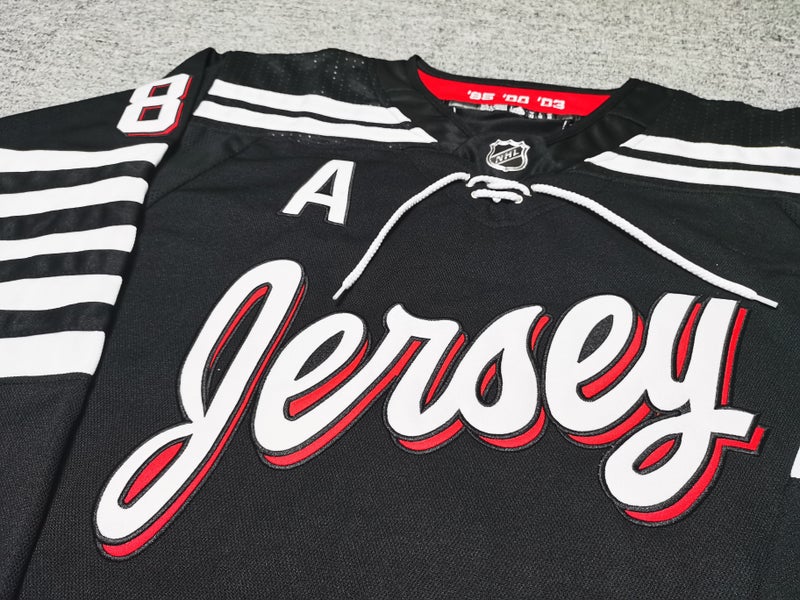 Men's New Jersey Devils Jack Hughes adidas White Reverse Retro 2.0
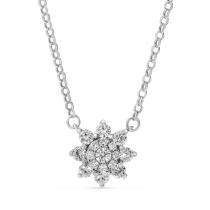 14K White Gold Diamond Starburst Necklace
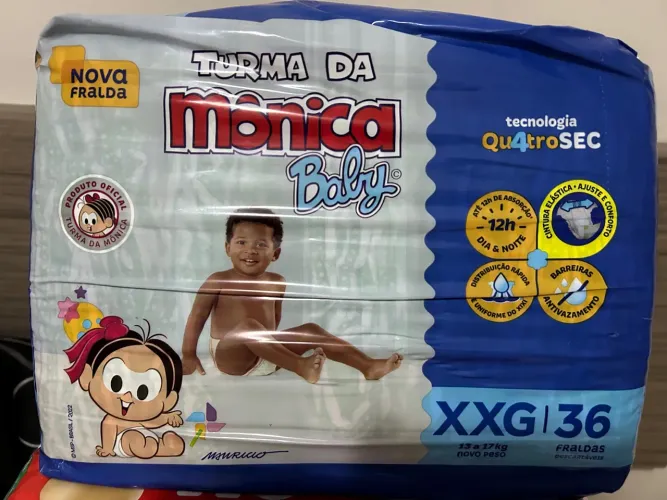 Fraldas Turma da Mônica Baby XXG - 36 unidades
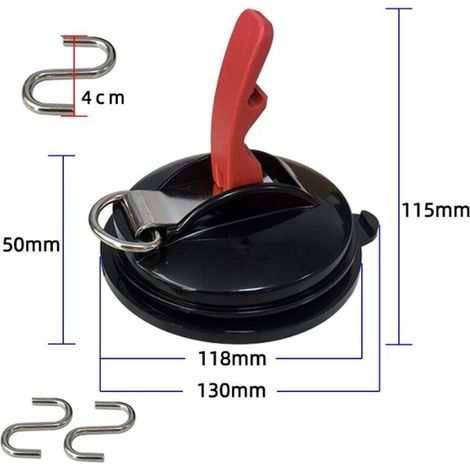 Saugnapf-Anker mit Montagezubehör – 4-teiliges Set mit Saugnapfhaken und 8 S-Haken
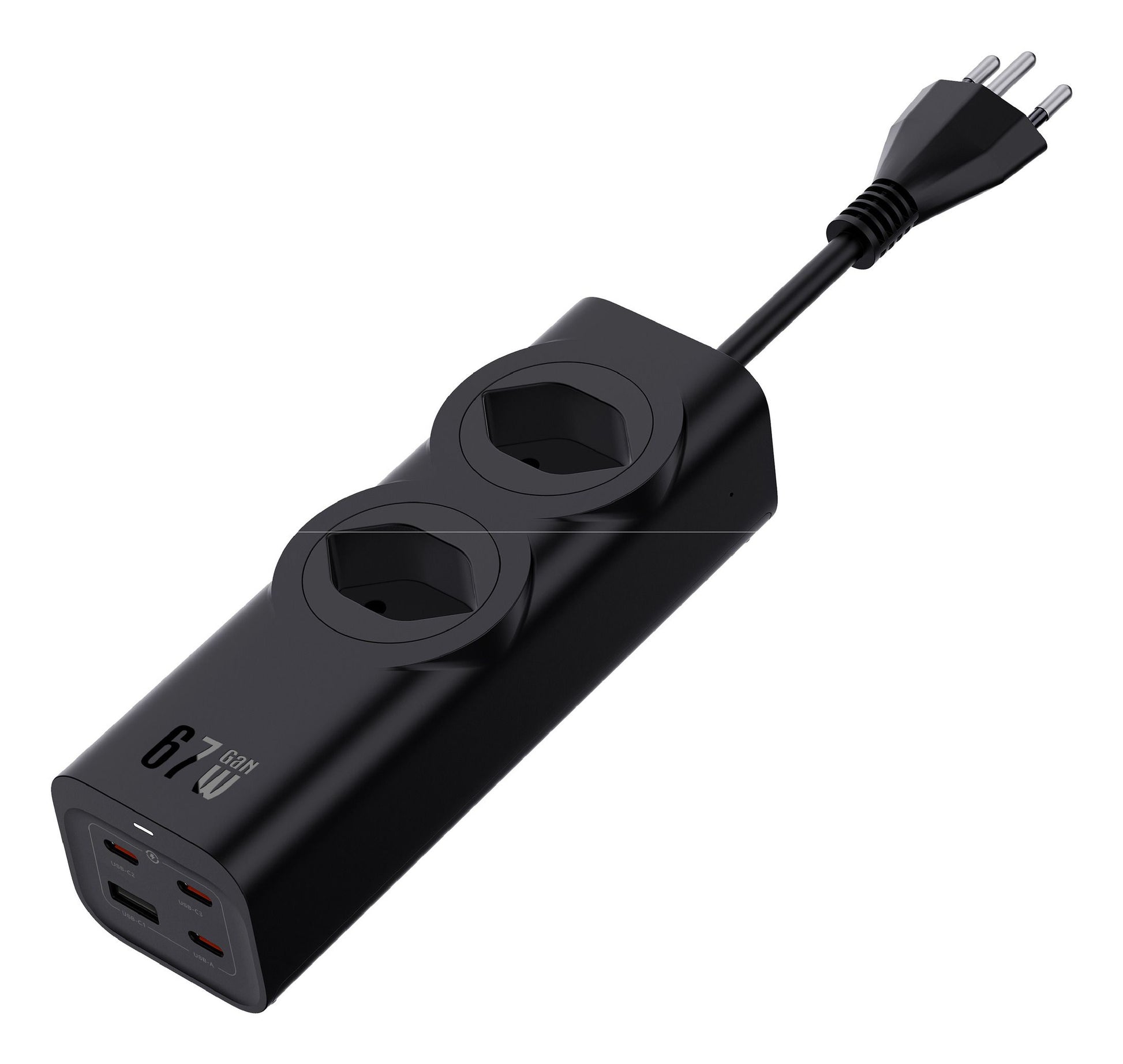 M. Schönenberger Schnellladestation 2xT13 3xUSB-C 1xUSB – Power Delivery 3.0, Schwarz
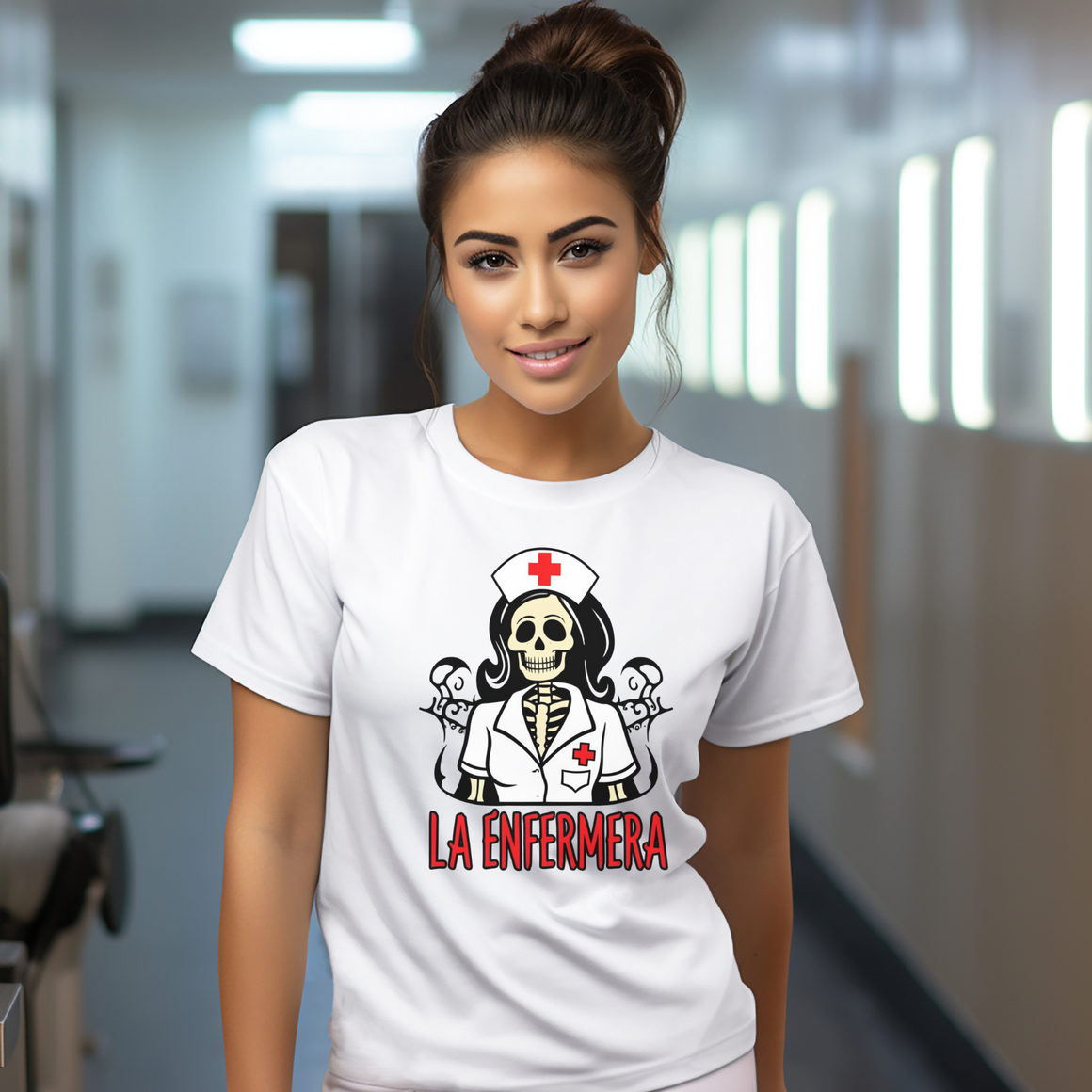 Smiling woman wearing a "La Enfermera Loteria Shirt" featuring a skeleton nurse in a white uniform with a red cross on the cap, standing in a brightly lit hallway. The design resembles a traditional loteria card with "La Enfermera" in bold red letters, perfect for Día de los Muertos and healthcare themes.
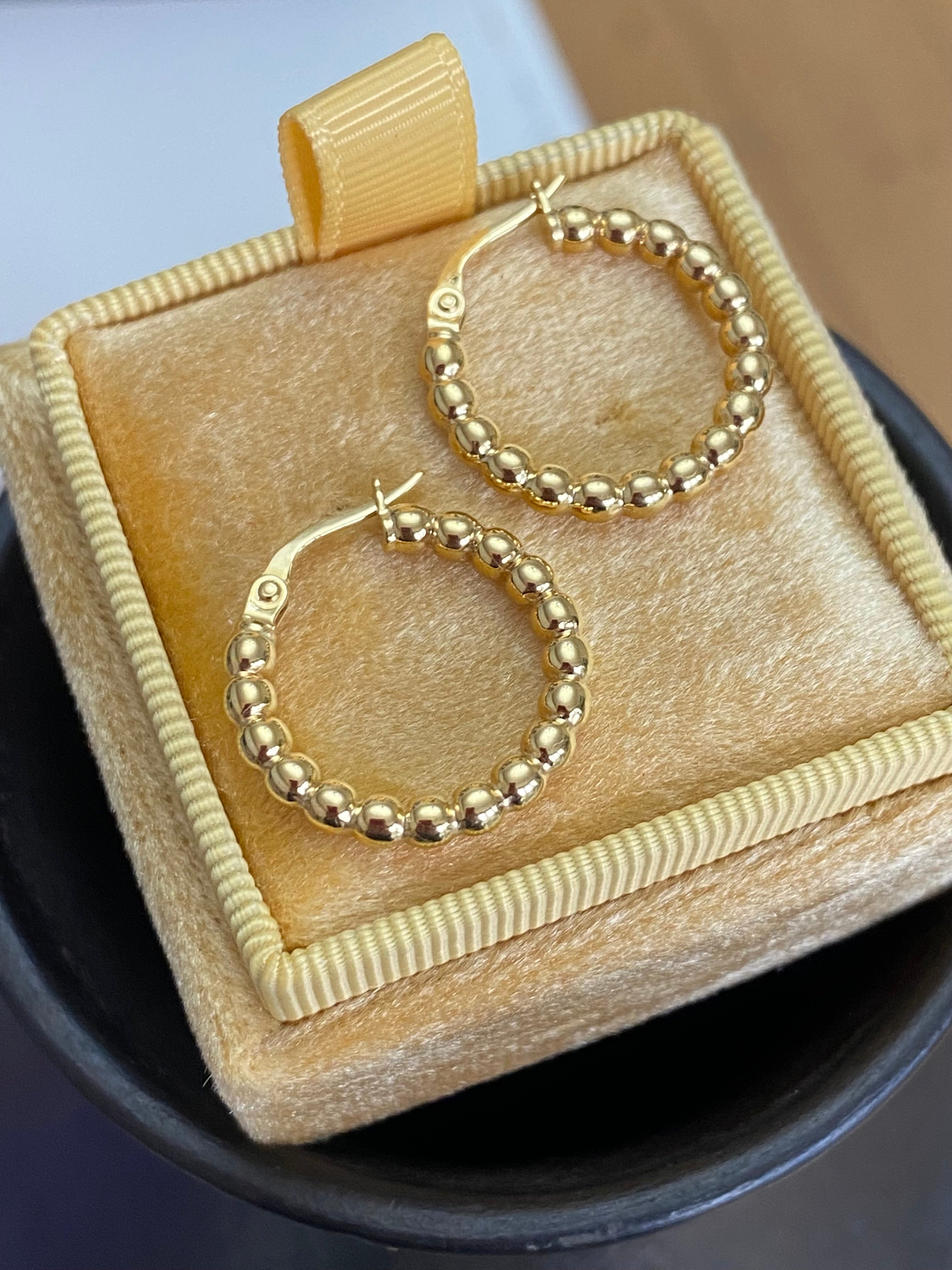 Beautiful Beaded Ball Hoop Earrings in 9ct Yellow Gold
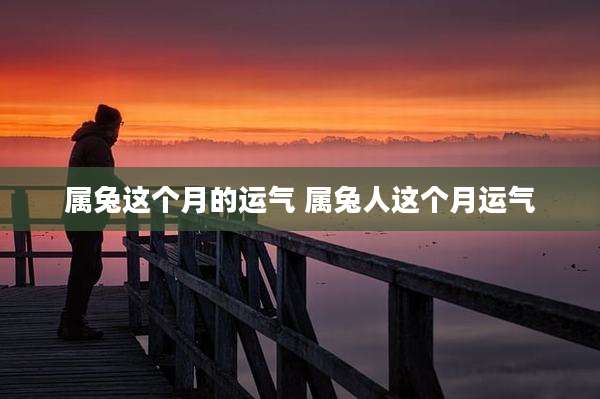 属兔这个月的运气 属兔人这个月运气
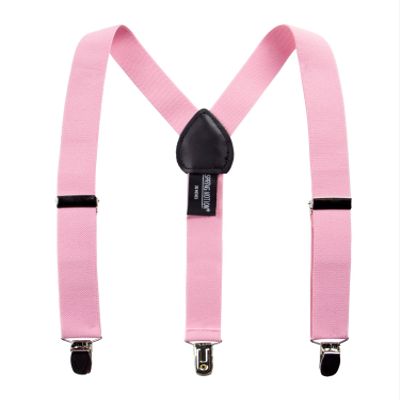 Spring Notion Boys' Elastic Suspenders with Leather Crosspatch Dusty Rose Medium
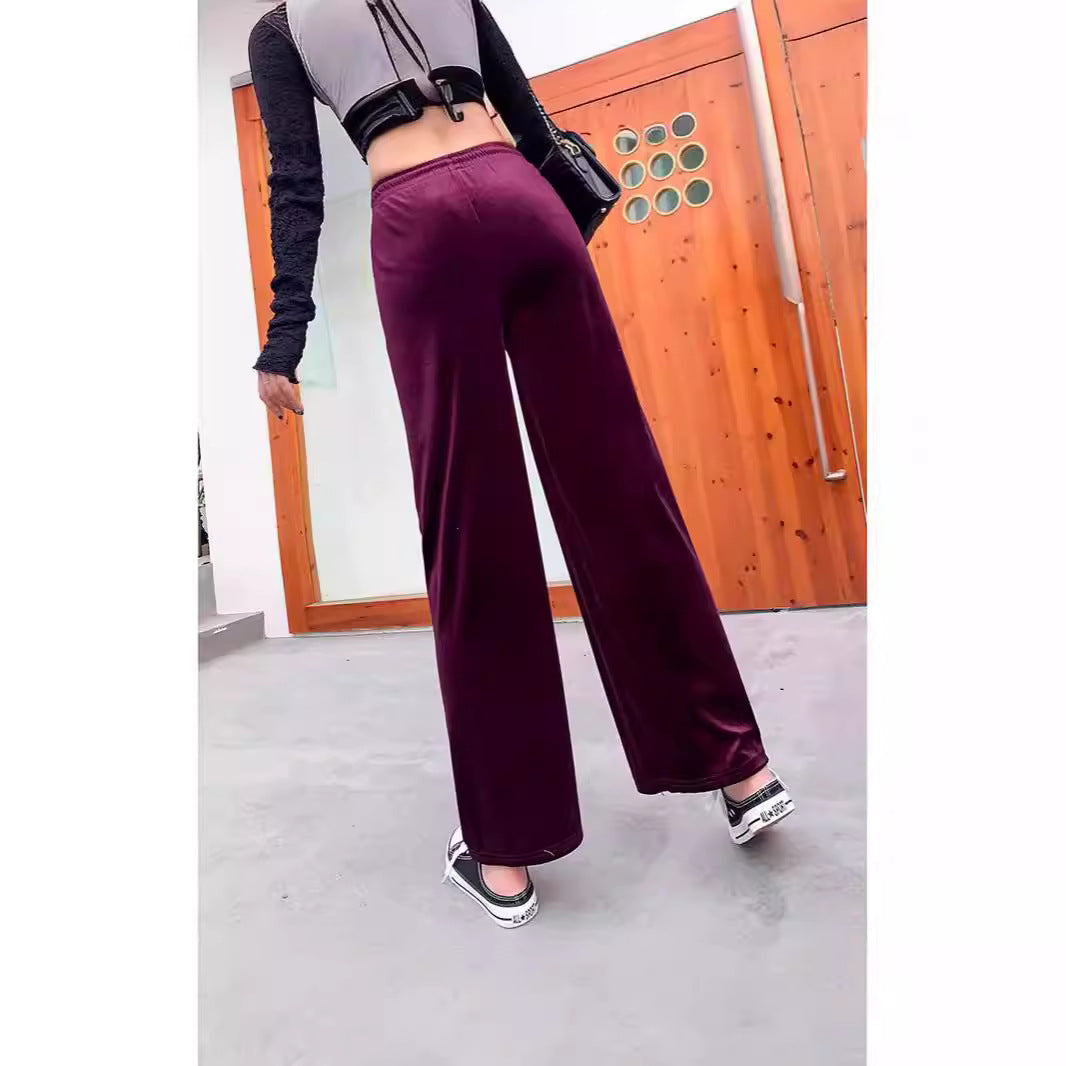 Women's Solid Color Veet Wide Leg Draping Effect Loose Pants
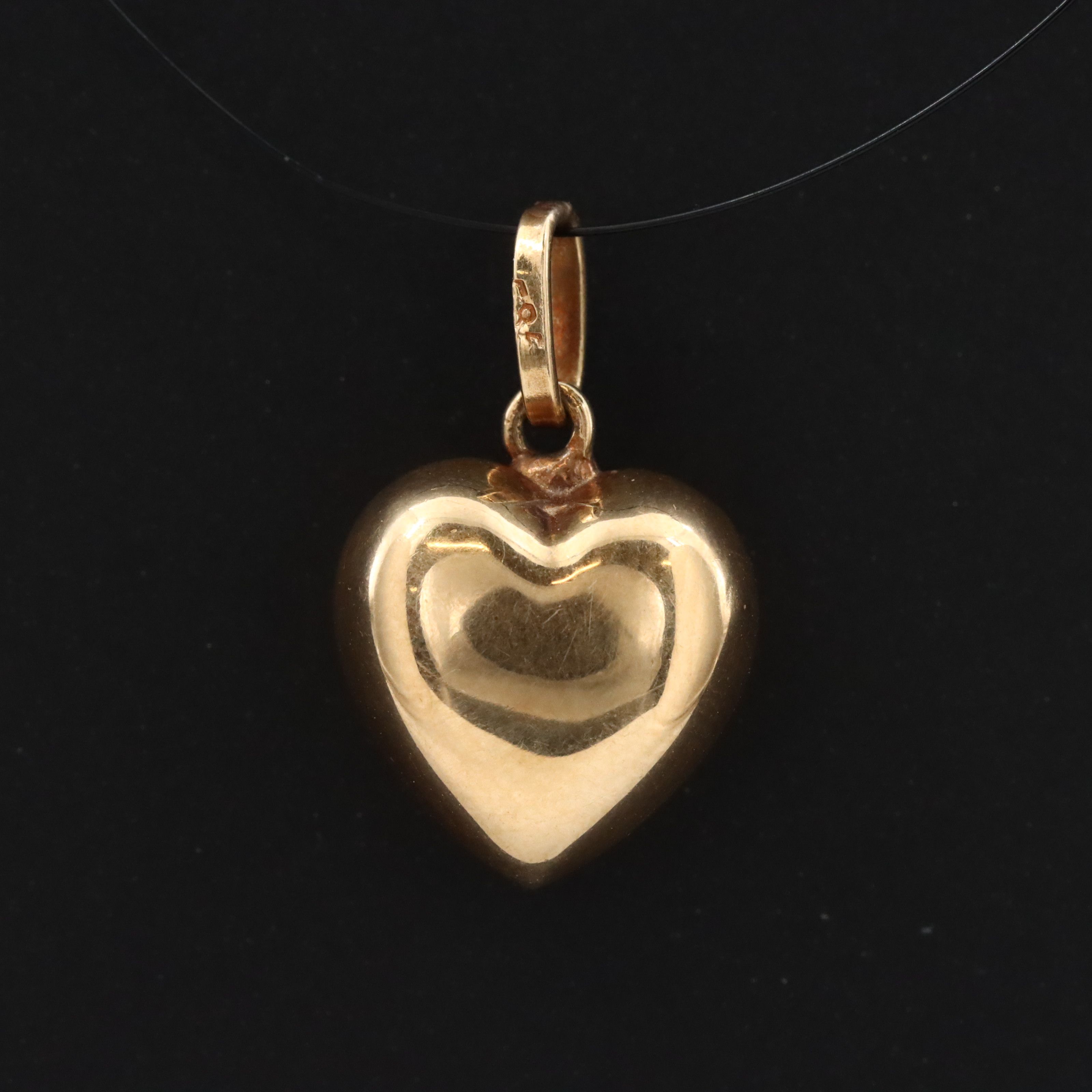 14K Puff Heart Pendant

EXERCISE AIM: Output all of the records exactly as they appear above, but not the pictures.

RESPONSE:
 Men's New Jersey Devils Jack Hughes adidas White Reverse Retro 2.0
 14K White Gold Diamond Starburst Necklace
 Fraldas Turma da Mônica Baby XXG - 36 unidades
 Saugnapf-Anker mit Montagezubehör – 4-teiliges Set mit Saugnapfhaken und 8 S-Haken
 M. Schönenberger Schnellladestation 2xT13 3xUSB-C 1xUSB – Power Delivery 3.0, Schwarz
 Smiling woman wearing a "La Enfermera Loteria Shirt" featuring a skeleton nurse in a white uniform with a red cross on the cap, standing in a brightly lit hallway. The design resembles a traditional loteria card with "La Enfermera" in bold red letters, perfect for Día de los Muertos and healthcare themes.
 Beautiful Beaded Ball Hoop Earrings in 9ct Yellow Gold
 属兔这个月的运气 属兔人这个月运气
 Spring Notion Boys' Elastic Suspenders with Leather Crosspatch Dusty Rose Medium
 Women's Solid Color Veet Wide Leg Draping Effect Loose Pants
 14K Puff Heart Pendant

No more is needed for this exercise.